Edit this page on GitHub

Visual Aesthetics

Paper CBMI: Semi-automatic Video Assessment System

Visual feature extraction tool

A command line utility that can be used to generate metadata for visual quality assessment, it relies on opencv 3.2 library of algorithms to compute features that describe images and videos in respect to visual properties carefully selected from state-of-the-art literature. An extensive review and testing was made to find a group of visual features good for the task of visual discrimination. A top-down aproach for extraction results in a very compact feature vector. A graphical interface (demo available here) was used to check overall usability and performance of the features. A subset was used to train classifiers for aesthetic and interestingness and some of the features were also indexed and used to compute a similarity metric.
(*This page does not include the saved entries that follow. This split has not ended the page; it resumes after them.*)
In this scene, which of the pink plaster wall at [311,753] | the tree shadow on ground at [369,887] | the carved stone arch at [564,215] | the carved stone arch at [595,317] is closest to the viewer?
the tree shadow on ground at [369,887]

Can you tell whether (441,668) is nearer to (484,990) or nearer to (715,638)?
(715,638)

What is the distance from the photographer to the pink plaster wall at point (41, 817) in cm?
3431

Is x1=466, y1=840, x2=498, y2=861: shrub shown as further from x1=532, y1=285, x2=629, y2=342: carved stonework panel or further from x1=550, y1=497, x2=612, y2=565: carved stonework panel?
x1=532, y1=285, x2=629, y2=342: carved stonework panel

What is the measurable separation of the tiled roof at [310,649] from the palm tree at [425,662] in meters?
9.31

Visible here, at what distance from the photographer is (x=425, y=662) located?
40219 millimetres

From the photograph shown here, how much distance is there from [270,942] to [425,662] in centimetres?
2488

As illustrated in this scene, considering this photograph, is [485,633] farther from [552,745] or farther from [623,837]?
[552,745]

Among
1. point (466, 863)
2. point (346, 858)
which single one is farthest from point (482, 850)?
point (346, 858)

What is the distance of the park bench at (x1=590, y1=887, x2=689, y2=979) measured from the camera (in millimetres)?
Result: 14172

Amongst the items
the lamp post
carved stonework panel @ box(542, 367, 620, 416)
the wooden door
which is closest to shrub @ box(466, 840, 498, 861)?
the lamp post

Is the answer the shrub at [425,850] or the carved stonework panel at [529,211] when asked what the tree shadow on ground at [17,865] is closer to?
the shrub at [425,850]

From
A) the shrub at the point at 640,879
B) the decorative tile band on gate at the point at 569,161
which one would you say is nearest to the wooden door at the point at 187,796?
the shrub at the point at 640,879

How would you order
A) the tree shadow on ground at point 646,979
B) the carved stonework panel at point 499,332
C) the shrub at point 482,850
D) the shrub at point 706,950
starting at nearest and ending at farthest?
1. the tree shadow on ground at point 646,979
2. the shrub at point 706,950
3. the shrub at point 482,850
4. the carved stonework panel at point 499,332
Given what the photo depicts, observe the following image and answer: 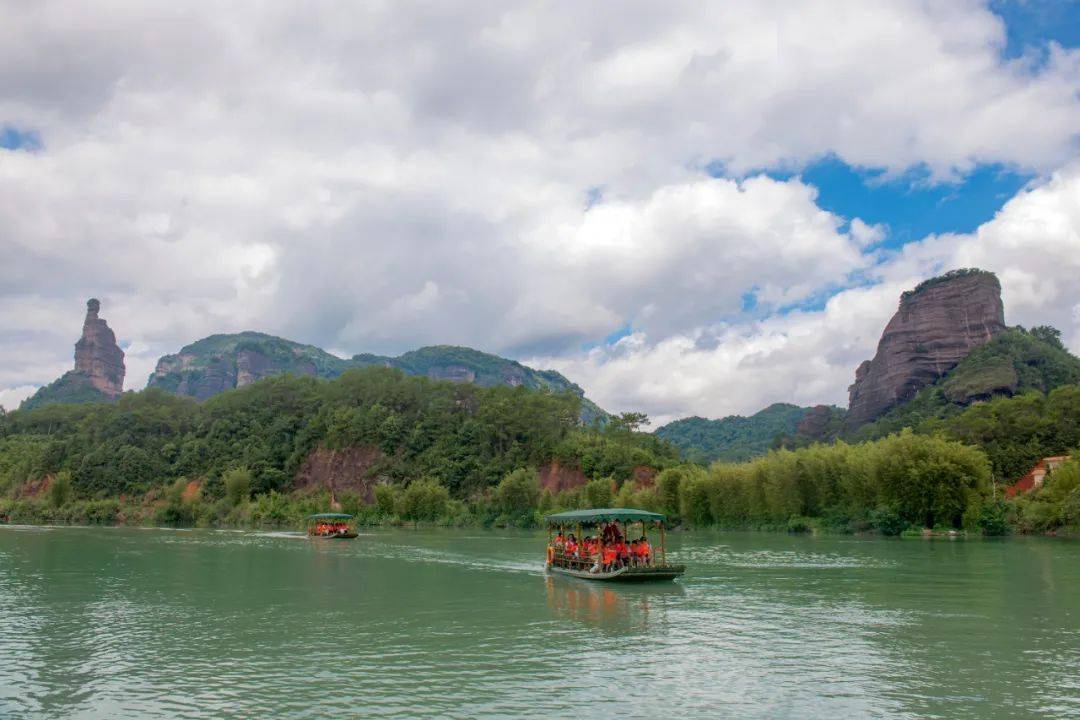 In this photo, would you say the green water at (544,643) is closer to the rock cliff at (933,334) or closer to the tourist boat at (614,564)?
the tourist boat at (614,564)

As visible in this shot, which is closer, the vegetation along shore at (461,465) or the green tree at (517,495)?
the vegetation along shore at (461,465)

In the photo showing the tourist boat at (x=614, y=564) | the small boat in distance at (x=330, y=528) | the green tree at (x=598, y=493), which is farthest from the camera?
the green tree at (x=598, y=493)

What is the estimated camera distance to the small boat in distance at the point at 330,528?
67938 mm

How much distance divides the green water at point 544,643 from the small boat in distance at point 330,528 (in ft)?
97.7

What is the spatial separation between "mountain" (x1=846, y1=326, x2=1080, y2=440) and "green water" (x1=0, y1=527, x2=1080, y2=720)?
9793 centimetres

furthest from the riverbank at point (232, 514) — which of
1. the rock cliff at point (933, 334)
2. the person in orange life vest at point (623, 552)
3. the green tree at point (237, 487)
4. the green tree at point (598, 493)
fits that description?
the rock cliff at point (933, 334)

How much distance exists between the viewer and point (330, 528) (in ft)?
238

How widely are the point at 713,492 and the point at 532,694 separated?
6450 centimetres

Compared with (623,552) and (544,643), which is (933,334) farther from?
(544,643)

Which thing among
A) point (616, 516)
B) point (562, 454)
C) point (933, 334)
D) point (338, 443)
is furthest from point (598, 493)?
point (933, 334)

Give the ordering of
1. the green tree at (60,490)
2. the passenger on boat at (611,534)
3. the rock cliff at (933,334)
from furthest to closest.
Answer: the rock cliff at (933,334), the green tree at (60,490), the passenger on boat at (611,534)

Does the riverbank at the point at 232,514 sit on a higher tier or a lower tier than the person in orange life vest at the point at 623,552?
lower

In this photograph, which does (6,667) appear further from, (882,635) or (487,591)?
(882,635)

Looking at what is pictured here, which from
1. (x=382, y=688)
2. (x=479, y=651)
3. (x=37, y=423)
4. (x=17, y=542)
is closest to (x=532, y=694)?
(x=382, y=688) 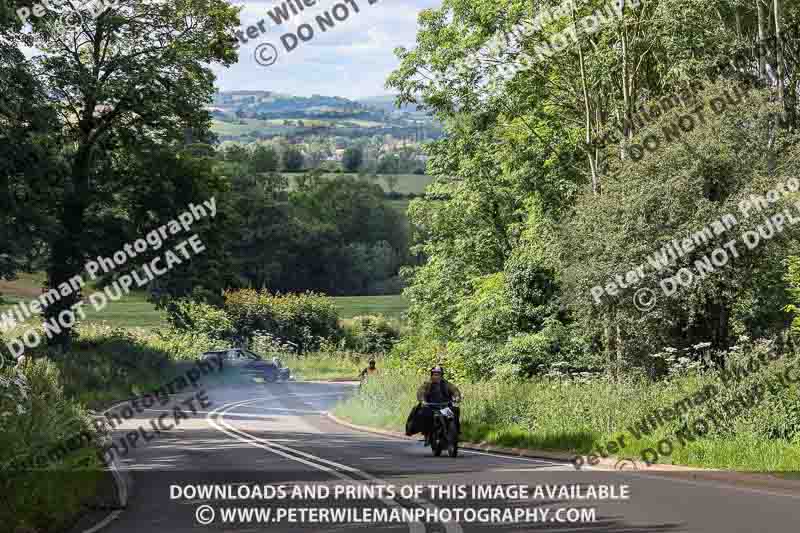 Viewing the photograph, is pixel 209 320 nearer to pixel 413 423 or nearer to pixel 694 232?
pixel 694 232

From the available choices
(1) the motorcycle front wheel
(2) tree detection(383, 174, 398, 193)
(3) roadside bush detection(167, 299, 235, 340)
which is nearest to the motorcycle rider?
(1) the motorcycle front wheel

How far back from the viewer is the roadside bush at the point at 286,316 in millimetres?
75438

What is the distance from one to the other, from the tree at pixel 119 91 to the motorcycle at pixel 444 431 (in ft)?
75.7

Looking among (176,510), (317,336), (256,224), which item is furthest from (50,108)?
(256,224)

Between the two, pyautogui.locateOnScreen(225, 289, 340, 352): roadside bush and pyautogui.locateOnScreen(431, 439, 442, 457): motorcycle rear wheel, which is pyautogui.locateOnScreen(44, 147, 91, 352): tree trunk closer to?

The utility accepts images or videos as input. The files can be loaded from a text file list or by providing a folder path. The output feature vector is saved in CSV format.

example 1: Extract features from image files in bin/data/images folder to the CSV file images_output.csv

The resulting output file can be found here.

example 2: Extract features from video files in videos.txt to the CSV file video_output.csv

Here is the resulting feature vector in CSV format.

Feature description

In this section we made a list of features,for each one we explain its relevancy and show the range of acceptable values

The path of folder, text file or url to the media. note: -d argument should be set acordingly.

Width of the image or video.

Height of image or video.


Based on a survey implementation of many focus measurement algorithms in “Analysis of focus measure operators for shape from focus”

We selected the OpenCV port of ‘LAPV’ Variance of Laplacian algorithm (Pech2000).

This kind of algorithms are used in camera auto-focus, and rely on edge detection since we can detect more edges in a focused image then in a blurred version of it. Returns the maximum sharpness detected, which is a pretty good indicator of if a camera is in focus or not. Not surprisingly, normal values are scene dependent but much less so than other methods like FFT which has too high of a false positive rate to be as useful.

Color moments

The basis of color moments lays in the assumption that the distribution of color in an image can be interpreted as a probability distribution. Probability distributions are characterized by a number of unique moments (e.g. Normal distributions are differentiated by their mean and variance). It therefore follows that if the color in an image follows a certain probability distribution, the moments of that distribution can then be used as features to identify that image based on color. Color moments are scaling and rotation invariant, they are also a good feature to use under changing lighting conditions. We use the first two central moments of color distribution. They are the mean and standard deviation computed as explained in “M. Stricker and M. Orengo Similarity of color images.”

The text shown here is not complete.